The Lunch for Life campaign urged people to donate $5 to help finance research that could lead to a cure for the disease.

The amount is about the same as what people spend on lunch, figured Dungan, who urged each donor to contact five friends and ask them to donate $5.

Each of those five friends, in turn, were enouraged to contact five friends apiece and ask them to donate $5, and so on, until $10 million was raised.

The fund-raising campaign was originally scheduled to last for 10 days, but it has been extended because only $60,000 was raised, according to Dungan's latest Internet posting.

Donations can be made on-line to the nonprofit Children's Neuroblastoma Cancer Foundation (CNCF), at www.cncf-childcancer.org, or by mail to CNCF, at P.O. Box 6635, Bloomington, IL 60108. Donations are tax-deductible.

Prayers for Vinny

Vince, Traci and Congdon credit the North Queen Anne Day Care for supporting them since Vinny got sick. Both Vinny and his brother were attending the day care connected to the First Free Methodist Church when Vinny was diagnosed with neuroblastoma, Congdon said.
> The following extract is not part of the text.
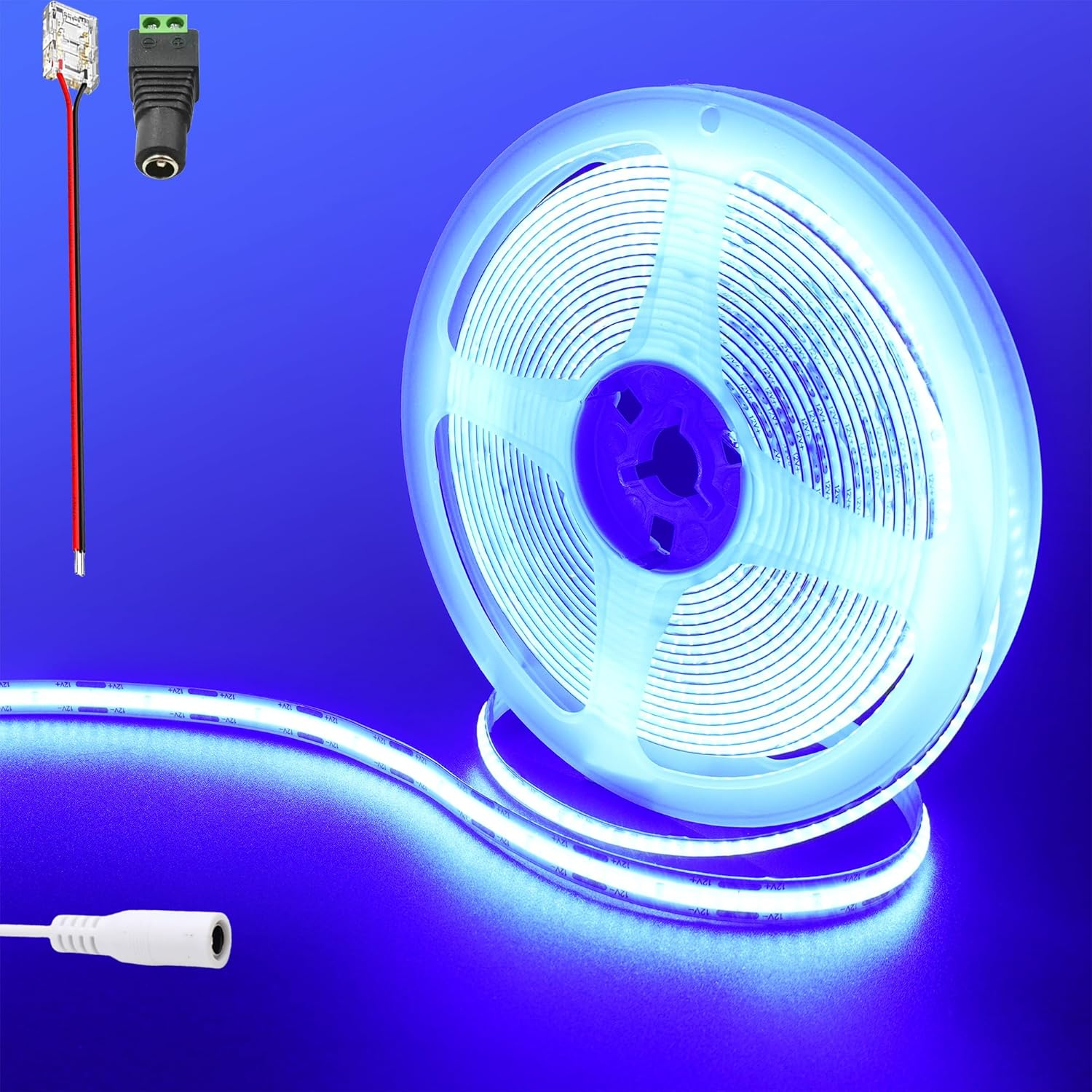 Clearhill 12V COB 480LED Strip Lights,9.84Ft/3M（No Power Supply）,Red,480Leds/M,With 5521DC Female Connectors,8Mm Width,Cri90,Electroplated Double-Sided Panel,Ip20,For Indoor Decoration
A parent at the day care helped the family set up their own website, at www.prayingforvinny.org, she added, and the website has a schedule people can sign up on to pray for the child.

Lois Overholt, director of the day care, said the First Free Methodist Church doesn't have a prayer schedule for Vinny, but that doesn't mean the day care and the church congregation haven't done their part.

"I know he was on a prayer list for [day care] staff," she said.

The church also has a prayer chain that included the child, Overholt added: "Vinny was prayed for several times."

Vinny's day-care teacher, Negist Geberesadik, said she prays for the boy day and night.

Originally from Ethiopia, Geberesadik was one of the first people to notice that something was wrong with Vinny, she said.

Congdon said that the Philadelphia Church in Ballard also took part in the prayer circles for her grandson, and Overholt and Geberesadik have no doubt that prayer made a difference in the child's case.

"I just think it's a miracle," Overholt said of Vinny's recovery.

Geberesadik agrees. "I believe God answered our prayers," she said.

Both Traci and Vince said they are grateful for all the prayers, but the couple is taking things one day at a time.

"The biggest fear is a relapse," Traci said of a development that means Vinny would have only a 17 percent chance of survival. "That's the hardest part."